该模块提供通用的可用性滞后处理能力，包括：
1. 从配置中解析滞后策略；
2. 基于不同分布（均匀 / 截断几何）为每个样本采样滞后步数；
3. 按需对文本或向量序列执行滞后重排，同时统计滞后直方图与边界处理情况。

所有函数均默认使用中文注释，方便在实验记录或复现时快速理解处理逻辑。
"""

from __future__ import annotations

import math
import random
from collections import Counter
from dataclasses import dataclass
from logging import getLogger
from typing import Any, Dict, Iterable, List, Optional, Sequence, Tuple, Union

import torch


@dataclass
class LagPolicy:
    """封装滞后策略超参数，便于在不同组件之间传递。"""

    max_lag: int = 0
    min_lag: int = 0
    mode: str = "uniform"
    geometric_p: float = 0.5
    drop_border: bool = False
    clamp_border: bool = True
    seed: Optional[int] = None

    @property
    def enabled(self) -> bool:
        """辅助属性：判断是否真正启用滞后机制。"""
        return self.max_lag > 0


def config_lookup(config_obj: Any, key: str, default: Any = None) -> Any:
    """兼容不同配置对象类型的统一取值函数。

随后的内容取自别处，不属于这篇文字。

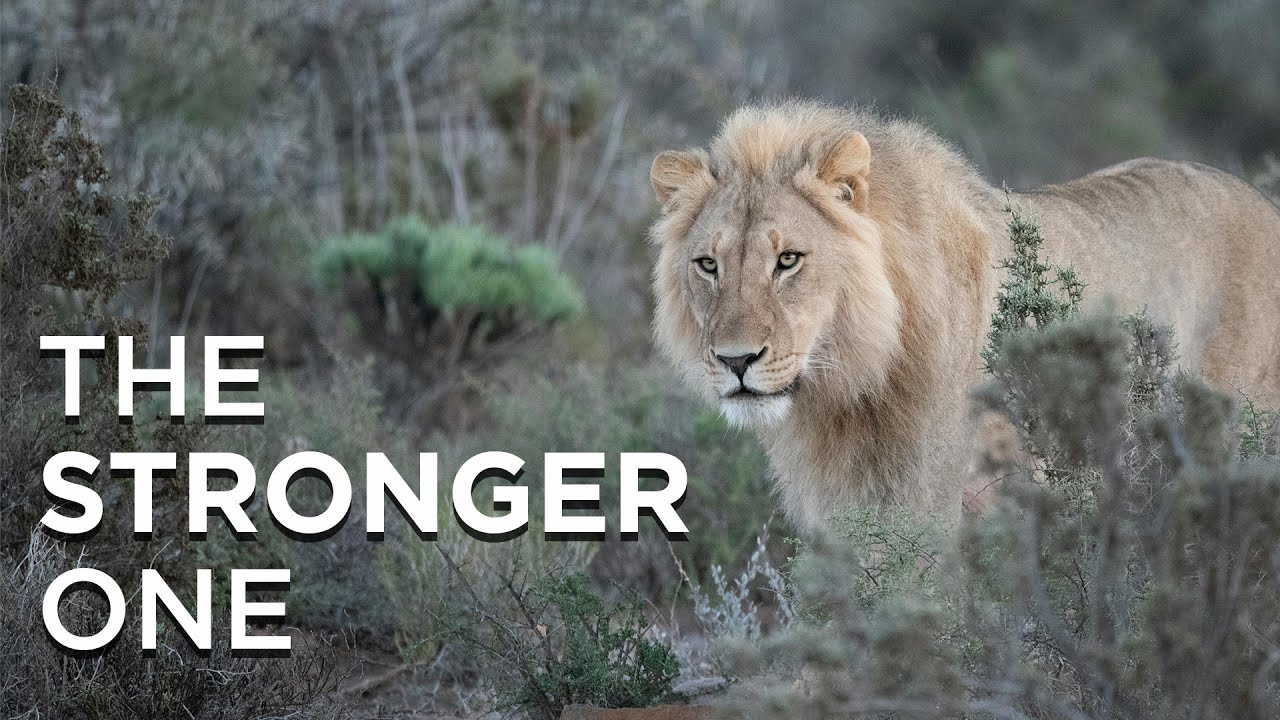 The Stronger One - June 30, 2024 8:30 am -  #centralchurchnc Live Stream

"""
    if isinstance(config_obj, dict):
        return config_obj.get(key, default)
    if hasattr(config_obj, "final_config_dict"):
        return config_obj.final_config_dict.get(key, default)
    if hasattr(config_obj, "get"):
        try:
            return config_obj.get(key, default)
        except TypeError:
            pass
    try:
        return config_obj[key]
    except Exception:
        return default


def parse_lag_policy(config_obj: Any, section: str = "news_lag") -> LagPolicy:
    """从配置中读取滞后相关超参数。

    参数
    -----
    config_obj: dict-like
        任意可索引的配置对象。
    section: str
        滞后参数所在的小节名称，默认为 `news_lag`。
    """
    section_cfg = {}
    raw_section = config_lookup(config_obj, section, None)
    if isinstance(raw_section, dict):
        section_cfg = raw_section
    elif isinstance(config_obj, dict) and section in config_obj and isinstance(config_obj[section], dict):
        section_cfg = config_obj[section]

    # 兼容旧版平铺式配置
    fallback_section = config_lookup(config_obj, "news_lag", {})
    max_lag = config_lookup(section_cfg, "max_lag", config_lookup(config_obj, "news_lag_strength", config_lookup(fallback_section, "max_lag", 0)))
    min_lag = config_lookup(section_cfg, "min_lag", config_lookup(config_obj, "news_lag_min", config_lookup(fallback_section, "min_lag", 0)))
    mode = config_lookup(section_cfg, "mode", config_lookup(config_obj, "news_lag_mode", config_lookup(fallback_section, "mode", "uniform")))
    geometric_p = float(config_lookup(section_cfg, "geometric_p", config_lookup(config_obj, "news_lag_geometric_p", config_lookup(fallback_section, "geometric_p", 0.5))))
    drop_border = bool(config_lookup(section_cfg, "drop_border", config_lookup(config_obj, "news_lag_drop_border", config_lookup(fallback_section, "drop_border", False))))
    clamp_border = bool(config_lookup(section_cfg, "clamp_border", config_lookup(config_obj, "news_lag_clamp_border", config_lookup(fallback_section, "clamp_border", True))))
    seed = config_lookup(section_cfg, "seed", config_lookup(config_obj, "news_lag_seed", config_lookup(fallback_section, "seed", config_lookup(config_obj, "seed", None))))

    # 清洗取值，确保安全边界
    max_lag = int(max(0, max_lag or 0))
    min_lag = int(max(0, min_lag or 0))
    if max_lag == 0:
        min_lag = 0
    else:
        min_lag = min(min_lag, max_lag)
    mode = str(mode or "uniform").lower()
    geometric_p = float(min(max(geometric_p, 1e-6), 1.0))
    if drop_border and clamp_border:
        # drop 与 clamp 互斥，若用户同时设置则默认优先 clamp 以保持数据完整性
        drop_border = False
    return LagPolicy(
        max_lag=max_lag,
        min_lag=min_lag,
        mode=mode,
        geometric_p=geometric_p,
        drop_border=drop_border,
        clamp_border=clamp_border,
        seed=seed,
    )


def _sample_offset(idx: int, policy: LagPolicy, rng: random.Random) -> Optional[int]:
    """根据策略为样本采样滞后步数。

    若需要丢弃样本则返回 ``None``。
    """
    if not policy.enabled:
        return 0

    max_shift = policy.max_lag
    if max_shift <= 0:
        return 0

    lower = min(policy.min_lag, max_shift)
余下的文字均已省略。